In the Sixth Doctor story Revelation of the Daleks, it is revealed that Davros managed to escape at the end of Resurrection and has gone into hiding as "The Great Healer" of the funeral and cryogenic preservation centre Tranquil Repose on the planet Necros. There, creating a clone of his head to serve as a decoy while modifying his body so that it can fire electric bolts and his chair is able to hover, Davros uses the frozen bodies to engineer a new variety of white armoured Daleks loyal to him, but he is captured by the original Daleks and taken to Skaro to face trial.
Davros appears as the Emperor Dalek in Remembrance of the Daleks, with his white and gold Daleks now based on Skaro and termed "Imperial Daleks", fighting against the grey "Renegade Dalek" faction. By this time, Davros has been physically transplanted into a customised Dalek casing. He is only revealed as the Emperor in the final episode. Both Skaro and the Imperial Dalek mothership are apparently destroyed (in the future) when the Seventh Doctor tricks Davros into using the Time Lord artefact known as the Hand of Omega which makes Skaro's Sun go supernova. However, a Dalek on the bridge of Davros' ship reports that the Emperor's escape pod is being launched and a white light is seen speeding away from the ship moments before its destruction, leaving a clear route to bring Davros back in the future.
The Time War and the Reality Bomb
During the revived series, Davros was referred to in the episode "Dalek" (2005) by the Ninth Doctor (Christopher Eccleston), who explains that the Daleks were created by "a genius... a man who was king of his own little world", and again by the Tenth Doctor (David Tennant) in the episode "Evolution of the Daleks" (2007), where he refers to the Daleks' creator as believing that "removing emotions makes you stronger". Davros makes his first official appearance in the episode "The Stolen Earth" (2008), portrayed by Julian Bleach.
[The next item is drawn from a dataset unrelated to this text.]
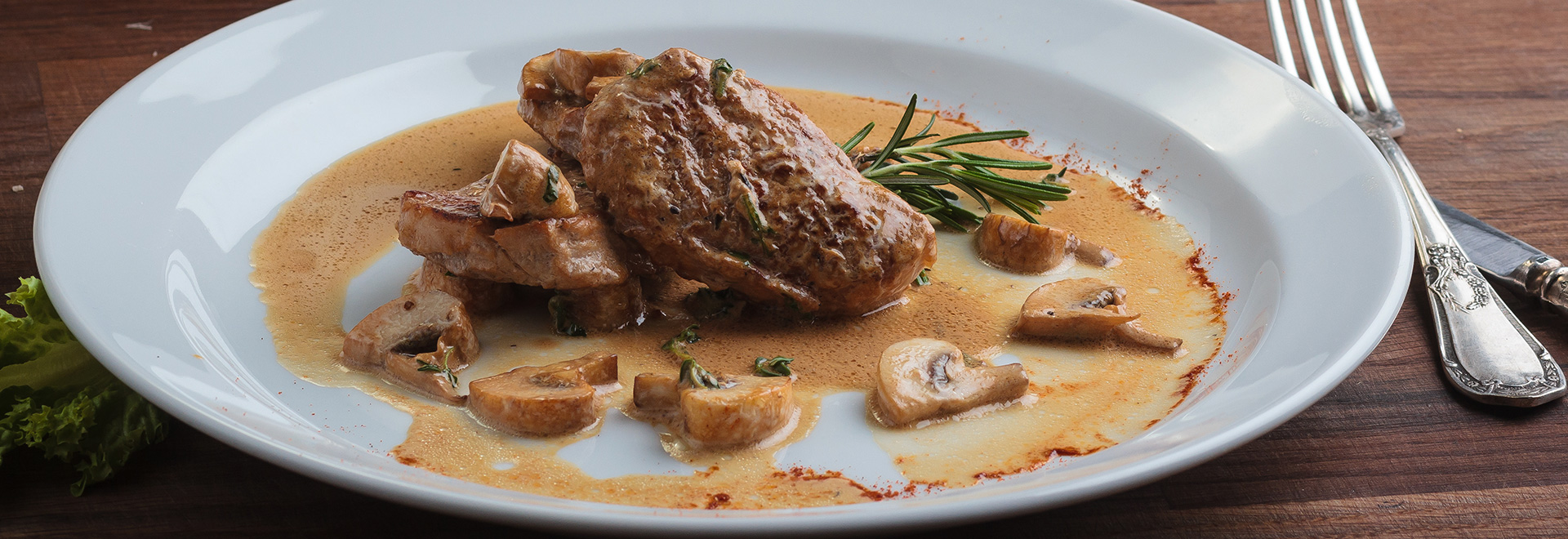 Bife com molho madeira e cogumelos Bife com molho madeira e cogumelos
The episode reveals that Davros was thought to have died during the first year of the Time War, when his command ship "flew into the jaws of the Nightmare Child" at the Gates of Elysium despite the Doctor's failed efforts to save him. But Davros was pulled out of the time lock of the war by Dalek Caan (voiced by Nicholas Briggs), using his own flesh to create a "new empire" of Daleks who place him in the Vault as their prisoner to make use of his knowledge. Under Davros' guidance, the Daleks steal 27 planets, including Earth, and hide them in the Medusa Cascade, one second out of sync with the rest of the universe.
In the follow-up episode "Journey's End" (2008), it is revealed that the stolen planets are required as a power source for Davros' ideal final solution: the reality bomb, which produces a wavelength that would cancel out the electrical field binding atoms to reduce all life outside the Crucible into nothingness in both his universe and countless other realities. But Davros learns too late that Dalek Caan, who came to the realisation of his race's atrocities as a consequence of saving his creator, used his prophecies and influence to ensure the Daleks' destruction while manipulating events to bring the Tenth Doctor and Donna Noble (Catherine Tate) together for the role the latter would play. Though the Doctor attempts to save him, having earlier taunted the Doctor for turning his companions into killers and being the cause of the deaths of countless people during his travels, Davros furiously refuses the Doctor's help and accuses him of being responsible for the destruction while screaming: "Never forget, Doctor, you did this! I name you forever: You are the Destroyer of Worlds!" Thus the Doctor is forced to leave Davros to his fate as the Crucible self-destructs.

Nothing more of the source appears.